The records:
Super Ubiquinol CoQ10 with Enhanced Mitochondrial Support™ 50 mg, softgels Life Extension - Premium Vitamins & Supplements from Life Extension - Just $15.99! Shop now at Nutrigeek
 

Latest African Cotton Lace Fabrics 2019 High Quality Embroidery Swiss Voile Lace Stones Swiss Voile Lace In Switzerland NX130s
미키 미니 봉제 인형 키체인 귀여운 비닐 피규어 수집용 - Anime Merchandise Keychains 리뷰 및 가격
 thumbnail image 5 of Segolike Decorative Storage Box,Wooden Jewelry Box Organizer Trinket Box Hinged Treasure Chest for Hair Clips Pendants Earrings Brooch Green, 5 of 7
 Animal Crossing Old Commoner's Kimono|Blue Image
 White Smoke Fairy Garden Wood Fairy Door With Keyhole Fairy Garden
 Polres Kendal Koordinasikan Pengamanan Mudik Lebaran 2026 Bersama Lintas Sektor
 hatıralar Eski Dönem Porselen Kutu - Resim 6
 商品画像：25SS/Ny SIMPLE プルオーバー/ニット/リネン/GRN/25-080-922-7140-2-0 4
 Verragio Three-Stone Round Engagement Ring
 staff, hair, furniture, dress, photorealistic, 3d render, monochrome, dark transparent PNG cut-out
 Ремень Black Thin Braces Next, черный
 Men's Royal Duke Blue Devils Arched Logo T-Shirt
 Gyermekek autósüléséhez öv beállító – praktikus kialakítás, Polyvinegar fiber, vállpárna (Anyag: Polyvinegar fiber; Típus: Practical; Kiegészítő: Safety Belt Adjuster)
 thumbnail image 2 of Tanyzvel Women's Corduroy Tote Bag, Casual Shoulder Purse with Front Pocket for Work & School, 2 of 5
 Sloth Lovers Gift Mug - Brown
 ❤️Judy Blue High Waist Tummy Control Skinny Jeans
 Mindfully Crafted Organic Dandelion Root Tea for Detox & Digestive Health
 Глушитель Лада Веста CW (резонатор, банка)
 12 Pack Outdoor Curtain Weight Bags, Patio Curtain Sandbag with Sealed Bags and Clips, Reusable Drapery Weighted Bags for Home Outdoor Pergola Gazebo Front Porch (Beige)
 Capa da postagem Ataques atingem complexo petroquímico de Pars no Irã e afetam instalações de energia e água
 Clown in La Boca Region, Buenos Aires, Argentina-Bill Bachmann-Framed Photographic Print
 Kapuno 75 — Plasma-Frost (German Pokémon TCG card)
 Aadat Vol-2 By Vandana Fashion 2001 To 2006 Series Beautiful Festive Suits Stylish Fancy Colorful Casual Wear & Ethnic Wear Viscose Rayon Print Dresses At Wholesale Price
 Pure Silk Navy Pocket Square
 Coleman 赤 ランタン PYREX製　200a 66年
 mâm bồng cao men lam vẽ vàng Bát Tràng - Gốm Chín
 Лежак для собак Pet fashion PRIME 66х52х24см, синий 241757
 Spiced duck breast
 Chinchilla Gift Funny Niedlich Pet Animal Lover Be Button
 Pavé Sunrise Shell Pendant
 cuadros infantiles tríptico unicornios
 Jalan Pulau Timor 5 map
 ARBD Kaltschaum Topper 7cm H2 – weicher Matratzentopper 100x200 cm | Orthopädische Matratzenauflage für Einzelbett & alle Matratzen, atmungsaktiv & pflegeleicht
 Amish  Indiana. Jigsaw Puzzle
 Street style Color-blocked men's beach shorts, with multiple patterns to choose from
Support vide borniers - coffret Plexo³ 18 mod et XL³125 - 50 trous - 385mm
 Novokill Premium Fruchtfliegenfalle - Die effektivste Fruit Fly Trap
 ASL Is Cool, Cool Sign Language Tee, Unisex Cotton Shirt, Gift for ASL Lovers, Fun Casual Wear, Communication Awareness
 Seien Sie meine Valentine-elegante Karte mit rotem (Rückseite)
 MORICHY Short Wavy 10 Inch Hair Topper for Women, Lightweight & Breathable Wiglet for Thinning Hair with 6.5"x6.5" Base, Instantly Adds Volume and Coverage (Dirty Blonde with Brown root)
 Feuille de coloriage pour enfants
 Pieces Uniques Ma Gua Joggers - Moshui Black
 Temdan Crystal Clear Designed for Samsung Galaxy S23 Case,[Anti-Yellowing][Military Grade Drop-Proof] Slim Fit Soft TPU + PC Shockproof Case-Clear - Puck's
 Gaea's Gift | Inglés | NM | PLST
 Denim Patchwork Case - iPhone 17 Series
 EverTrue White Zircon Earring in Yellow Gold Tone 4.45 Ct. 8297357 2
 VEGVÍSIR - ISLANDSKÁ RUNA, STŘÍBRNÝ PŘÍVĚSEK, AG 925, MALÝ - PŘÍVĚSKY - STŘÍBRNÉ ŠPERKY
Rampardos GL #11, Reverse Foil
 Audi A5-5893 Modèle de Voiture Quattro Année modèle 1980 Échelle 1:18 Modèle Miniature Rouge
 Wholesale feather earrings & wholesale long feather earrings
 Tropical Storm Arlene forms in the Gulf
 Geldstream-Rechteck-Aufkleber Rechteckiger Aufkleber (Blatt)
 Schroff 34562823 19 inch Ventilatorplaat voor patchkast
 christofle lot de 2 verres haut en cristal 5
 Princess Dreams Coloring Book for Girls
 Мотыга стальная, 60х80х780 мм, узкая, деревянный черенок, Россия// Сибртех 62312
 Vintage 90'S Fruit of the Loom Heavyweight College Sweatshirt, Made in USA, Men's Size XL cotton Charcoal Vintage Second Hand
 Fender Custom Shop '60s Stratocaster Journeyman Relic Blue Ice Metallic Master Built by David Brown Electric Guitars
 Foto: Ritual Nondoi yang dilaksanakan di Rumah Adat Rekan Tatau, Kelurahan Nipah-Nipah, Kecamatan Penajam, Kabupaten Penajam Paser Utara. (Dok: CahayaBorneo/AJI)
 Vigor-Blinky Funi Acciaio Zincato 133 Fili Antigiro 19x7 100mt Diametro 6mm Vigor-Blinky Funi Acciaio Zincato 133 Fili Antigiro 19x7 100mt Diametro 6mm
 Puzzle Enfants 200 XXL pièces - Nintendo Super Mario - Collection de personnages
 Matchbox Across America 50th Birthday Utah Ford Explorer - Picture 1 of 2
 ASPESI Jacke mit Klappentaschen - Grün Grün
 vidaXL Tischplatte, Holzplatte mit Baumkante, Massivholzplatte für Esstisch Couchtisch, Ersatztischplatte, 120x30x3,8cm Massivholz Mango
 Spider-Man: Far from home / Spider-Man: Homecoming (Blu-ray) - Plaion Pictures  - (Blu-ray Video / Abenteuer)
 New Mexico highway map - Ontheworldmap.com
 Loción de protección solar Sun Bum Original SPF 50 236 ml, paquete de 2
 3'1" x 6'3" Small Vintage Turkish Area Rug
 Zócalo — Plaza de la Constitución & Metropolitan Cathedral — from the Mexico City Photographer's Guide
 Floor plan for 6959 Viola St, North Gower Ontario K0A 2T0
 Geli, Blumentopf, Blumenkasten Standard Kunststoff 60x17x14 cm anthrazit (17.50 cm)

Task objective:
The response should contain only a verbatim copy of the lines from the line with "Fender Custom Shop" to the final line of the records.

Output below:
 Fender Custom Shop '60s Stratocaster Journeyman Relic Blue Ice Metallic Master Built by David Brown Electric Guitars
 Foto: Ritual Nondoi yang dilaksanakan di Rumah Adat Rekan Tatau, Kelurahan Nipah-Nipah, Kecamatan Penajam, Kabupaten Penajam Paser Utara. (Dok: CahayaBorneo/AJI)
 Vigor-Blinky Funi Acciaio Zincato 133 Fili Antigiro 19x7 100mt Diametro 6mm Vigor-Blinky Funi Acciaio Zincato 133 Fili Antigiro 19x7 100mt Diametro 6mm
 Puzzle Enfants 200 XXL pièces - Nintendo Super Mario - Collection de personnages
 Matchbox Across America 50th Birthday Utah Ford Explorer - Picture 1 of 2
 ASPESI Jacke mit Klappentaschen - Grün Grün
 vidaXL Tischplatte, Holzplatte mit Baumkante, Massivholzplatte für Esstisch Couchtisch, Ersatztischplatte, 120x30x3,8cm Massivholz Mango
 Spider-Man: Far from home / Spider-Man: Homecoming (Blu-ray) - Plaion Pictures  - (Blu-ray Video / Abenteuer)
 New Mexico highway map - Ontheworldmap.com
 Loción de protección solar Sun Bum Original SPF 50 236 ml, paquete de 2
 3'1" x 6'3" Small Vintage Turkish Area Rug
 Zócalo — Plaza de la Constitución & Metropolitan Cathedral — from the Mexico City Photographer's Guide
 Floor plan for 6959 Viola St, North Gower Ontario K0A 2T0
 Geli, Blumentopf, Blumenkasten Standard Kunststoff 60x17x14 cm anthrazit (17.50 cm)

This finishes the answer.